What you will do: Search the entries for the word "φωτογραφία". Copy every line that holds it.
^^^^^^^^
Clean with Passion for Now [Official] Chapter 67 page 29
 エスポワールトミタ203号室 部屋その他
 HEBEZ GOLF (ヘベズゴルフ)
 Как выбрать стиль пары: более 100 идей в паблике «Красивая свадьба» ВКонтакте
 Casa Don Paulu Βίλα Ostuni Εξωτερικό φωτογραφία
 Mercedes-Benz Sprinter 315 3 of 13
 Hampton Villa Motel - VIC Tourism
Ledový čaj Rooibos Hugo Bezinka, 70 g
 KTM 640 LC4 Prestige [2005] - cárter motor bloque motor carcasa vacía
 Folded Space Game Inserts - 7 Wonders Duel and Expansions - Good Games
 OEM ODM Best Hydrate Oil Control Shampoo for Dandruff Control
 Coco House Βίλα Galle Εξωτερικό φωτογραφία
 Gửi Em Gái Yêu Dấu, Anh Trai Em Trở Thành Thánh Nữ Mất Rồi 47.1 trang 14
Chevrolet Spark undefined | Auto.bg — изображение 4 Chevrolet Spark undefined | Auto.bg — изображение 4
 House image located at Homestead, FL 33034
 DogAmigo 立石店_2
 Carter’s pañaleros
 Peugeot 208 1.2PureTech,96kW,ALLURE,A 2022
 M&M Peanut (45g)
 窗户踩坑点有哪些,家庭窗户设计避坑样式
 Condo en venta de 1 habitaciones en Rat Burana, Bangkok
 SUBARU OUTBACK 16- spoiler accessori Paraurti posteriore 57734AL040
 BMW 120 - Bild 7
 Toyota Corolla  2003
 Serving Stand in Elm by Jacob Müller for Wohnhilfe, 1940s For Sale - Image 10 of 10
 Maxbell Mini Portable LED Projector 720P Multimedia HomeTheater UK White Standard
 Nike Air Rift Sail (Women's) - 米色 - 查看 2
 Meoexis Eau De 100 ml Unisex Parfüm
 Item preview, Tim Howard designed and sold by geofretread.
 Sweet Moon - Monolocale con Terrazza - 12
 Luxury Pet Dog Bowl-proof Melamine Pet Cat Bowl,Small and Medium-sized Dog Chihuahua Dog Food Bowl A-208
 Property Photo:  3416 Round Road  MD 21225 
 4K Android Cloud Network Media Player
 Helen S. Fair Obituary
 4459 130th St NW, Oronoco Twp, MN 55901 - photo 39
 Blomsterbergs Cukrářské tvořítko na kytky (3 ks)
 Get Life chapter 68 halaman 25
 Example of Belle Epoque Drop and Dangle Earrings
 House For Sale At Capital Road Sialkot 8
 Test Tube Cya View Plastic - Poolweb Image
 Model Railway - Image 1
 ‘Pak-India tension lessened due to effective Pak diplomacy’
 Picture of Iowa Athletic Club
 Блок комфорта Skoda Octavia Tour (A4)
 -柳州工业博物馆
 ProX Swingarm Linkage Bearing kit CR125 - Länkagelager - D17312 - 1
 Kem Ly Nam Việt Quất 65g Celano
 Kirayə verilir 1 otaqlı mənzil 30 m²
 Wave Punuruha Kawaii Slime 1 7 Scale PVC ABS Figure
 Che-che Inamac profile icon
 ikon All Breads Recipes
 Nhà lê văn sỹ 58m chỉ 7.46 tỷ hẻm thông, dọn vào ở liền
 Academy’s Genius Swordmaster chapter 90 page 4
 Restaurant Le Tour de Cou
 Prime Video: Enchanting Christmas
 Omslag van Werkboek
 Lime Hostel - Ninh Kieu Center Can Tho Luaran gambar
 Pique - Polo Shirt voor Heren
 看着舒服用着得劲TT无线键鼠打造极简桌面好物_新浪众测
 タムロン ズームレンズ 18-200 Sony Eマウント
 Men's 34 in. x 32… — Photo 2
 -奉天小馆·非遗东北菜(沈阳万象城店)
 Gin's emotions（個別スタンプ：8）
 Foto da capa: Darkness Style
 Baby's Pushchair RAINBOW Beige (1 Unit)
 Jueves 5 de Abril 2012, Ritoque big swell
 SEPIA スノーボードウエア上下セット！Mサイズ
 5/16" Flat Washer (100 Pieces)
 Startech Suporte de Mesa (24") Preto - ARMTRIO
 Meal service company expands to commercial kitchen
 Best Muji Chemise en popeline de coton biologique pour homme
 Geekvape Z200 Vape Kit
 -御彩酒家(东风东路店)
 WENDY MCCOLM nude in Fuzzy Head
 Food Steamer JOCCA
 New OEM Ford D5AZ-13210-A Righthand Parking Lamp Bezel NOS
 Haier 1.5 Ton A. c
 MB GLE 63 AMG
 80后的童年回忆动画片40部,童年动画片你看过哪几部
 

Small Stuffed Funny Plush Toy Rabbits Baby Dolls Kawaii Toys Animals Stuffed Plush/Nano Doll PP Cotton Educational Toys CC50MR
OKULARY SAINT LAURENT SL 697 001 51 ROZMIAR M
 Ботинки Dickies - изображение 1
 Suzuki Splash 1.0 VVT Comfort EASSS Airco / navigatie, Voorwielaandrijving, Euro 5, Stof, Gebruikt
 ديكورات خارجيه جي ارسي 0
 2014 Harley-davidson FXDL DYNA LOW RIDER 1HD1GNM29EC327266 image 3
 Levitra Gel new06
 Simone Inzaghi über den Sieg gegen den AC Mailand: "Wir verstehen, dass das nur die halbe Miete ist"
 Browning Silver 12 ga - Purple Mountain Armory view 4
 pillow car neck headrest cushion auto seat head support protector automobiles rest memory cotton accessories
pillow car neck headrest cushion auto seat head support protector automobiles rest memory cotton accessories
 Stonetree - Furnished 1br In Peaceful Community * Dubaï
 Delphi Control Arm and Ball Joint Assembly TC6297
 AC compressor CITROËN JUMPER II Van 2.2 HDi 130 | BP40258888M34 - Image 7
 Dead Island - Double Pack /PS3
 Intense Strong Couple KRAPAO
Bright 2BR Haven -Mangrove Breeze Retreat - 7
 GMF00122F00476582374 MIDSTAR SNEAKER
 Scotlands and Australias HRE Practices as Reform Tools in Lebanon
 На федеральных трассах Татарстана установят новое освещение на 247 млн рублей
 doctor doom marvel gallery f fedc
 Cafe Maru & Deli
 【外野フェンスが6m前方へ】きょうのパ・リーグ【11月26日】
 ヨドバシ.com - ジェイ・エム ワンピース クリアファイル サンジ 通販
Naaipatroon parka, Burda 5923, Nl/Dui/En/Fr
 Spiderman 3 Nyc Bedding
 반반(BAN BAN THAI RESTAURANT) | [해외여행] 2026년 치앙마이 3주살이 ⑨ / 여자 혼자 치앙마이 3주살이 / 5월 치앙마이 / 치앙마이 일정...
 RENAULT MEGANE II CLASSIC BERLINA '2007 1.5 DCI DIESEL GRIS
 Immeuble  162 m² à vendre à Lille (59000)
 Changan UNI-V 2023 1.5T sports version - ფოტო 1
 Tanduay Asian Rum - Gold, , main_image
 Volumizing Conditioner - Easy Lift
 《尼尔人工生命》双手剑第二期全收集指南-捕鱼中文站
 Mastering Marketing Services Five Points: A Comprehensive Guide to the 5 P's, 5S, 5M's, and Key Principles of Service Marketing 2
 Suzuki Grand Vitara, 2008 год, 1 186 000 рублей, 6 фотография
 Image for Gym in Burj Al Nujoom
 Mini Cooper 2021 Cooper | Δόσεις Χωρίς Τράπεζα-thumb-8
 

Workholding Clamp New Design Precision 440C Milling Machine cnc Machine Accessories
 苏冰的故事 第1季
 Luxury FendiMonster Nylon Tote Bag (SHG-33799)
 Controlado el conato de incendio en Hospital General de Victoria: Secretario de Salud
^^^^^^^^
Output for this exercise:
 Casa Don Paulu Βίλα Ostuni Εξωτερικό φωτογραφία
 Coco House Βίλα Galle Εξωτερικό φωτογραφία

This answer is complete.